Police search
Police dashcam video showing a forced strip and cavity search of a woman two years ago in Harris County, Texas was released on Aug. 14, 2017, after charges against the officers were dropped in the case. Above is a representative image of a police officer frisking a man. Getty Images

In a shocking case of a strip search gone too far, dashcam footage released Monday showed two deputies from Harris County, Texas, searching a woman's vaginal area for drugs outside of her car in 2015.

The video came after the charges leveled by the woman against two deputies involved in the search were dropped on Aug. 4.

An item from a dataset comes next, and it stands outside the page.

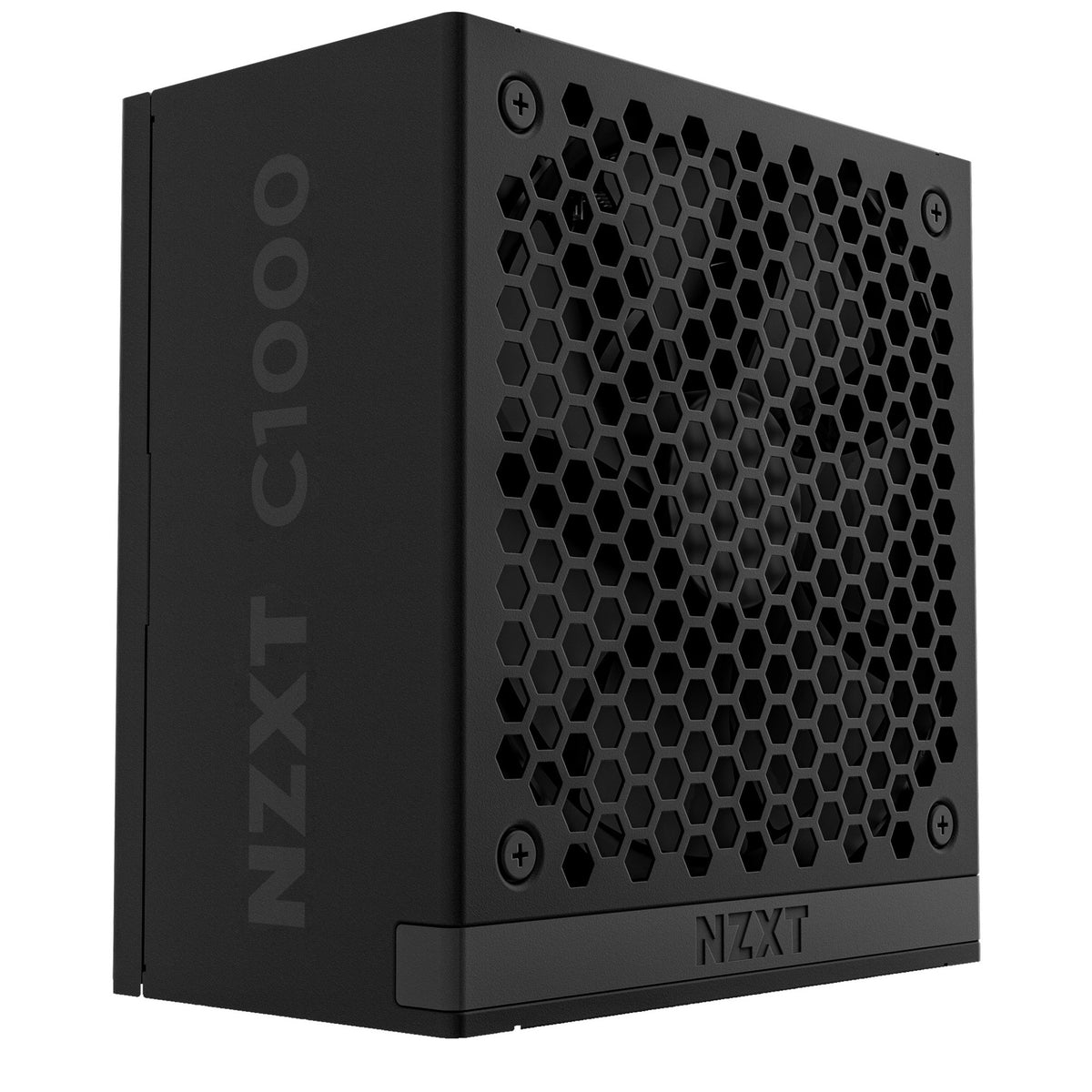 Nzxt c1000 gold atx 3.1 modulaire 1000 watt voeding (zwart, 1x 12v-2x6, 3x pcie)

According to reports, Charneshia Corley, 23, was pulled over on June 21, 2015, for jumping a red signal when officers allegedly said they smelled marijuana in her car. In the 11-minute search that followed, a female officer asked Corley to spread her legs so she could search her vaginal area with a flashlight.

A civil rights lawsuit was filed by attorney Sam Cammack on behalf of Charneshia Corley, saying the deputies violated her constitutional rights by conducting the roadside search.

Chron reported that the lawsuit said: "The deputies forcibly threw Ms. Corley to the ground, while she was still handcuffed, pinned her down with her legs spread apart, threatened to break her legs, and without consent penetrated her vagina in a purported search for marijuana."

In the video released by Cammack, the view of the search is blocked by car doors. However, Corley lying on the ground without her pants and her legs lifted upward in an awkward position for more than 10 minutes as the female deputy searched her private area by shining a flash.

Cammack said about the incident: "There has been no material change of fact. If what those officers did to Miss Corley was not mistreatment — did not amount to rape — I don't know what is."

The video, however, does not show if the deputy physically penetrated Corley while searching for the drug. The full video can be watched here.

The arrest affidavit filed by the officers alleged that Corley kicked a deputy with her foot and pushed her with her hip. The officers said that Corley consented to the search at the time. Yet she was charged with resisting arrest and possession of marijuana after the police officer claimed that they found 0.2 ounces of marijuana "on her person", Law News reported. However, the county District Attorney's Office later dropped the charge.

"They're supposed to protect you. They're supposed to keep you safe, not rape you. That's how I feel. I feel like I was raped," Corely said.

Sam Cammack described Corley as "a 21-year-old African-American, female, college student, had never had any criminal history never been in trouble."

Harris County prosecutor Natasha Sinclair condemned the officers’ actions saying: “No one in this office stands by the search the way it was conducted. No one condones that. No one thinks it’s appropriate. It should not have happened.”

However, she added that that just because what happened was wrong and perturbing, it does not make the search a criminal offense. "However bad decisions, bad judgment may not rise the level of a criminal offense," she is reported to have said.

According to Law News, new charges may be leveled against two or even all three of the officers.

The report also said that Sinclair’s office possessed “new evidence,” and pushed for a new indictment soon after they dropped the initial cases on August 4. Cammack is hoping a special prosecutor without any ties to Harris County law enforcement can be brought in to handle the case.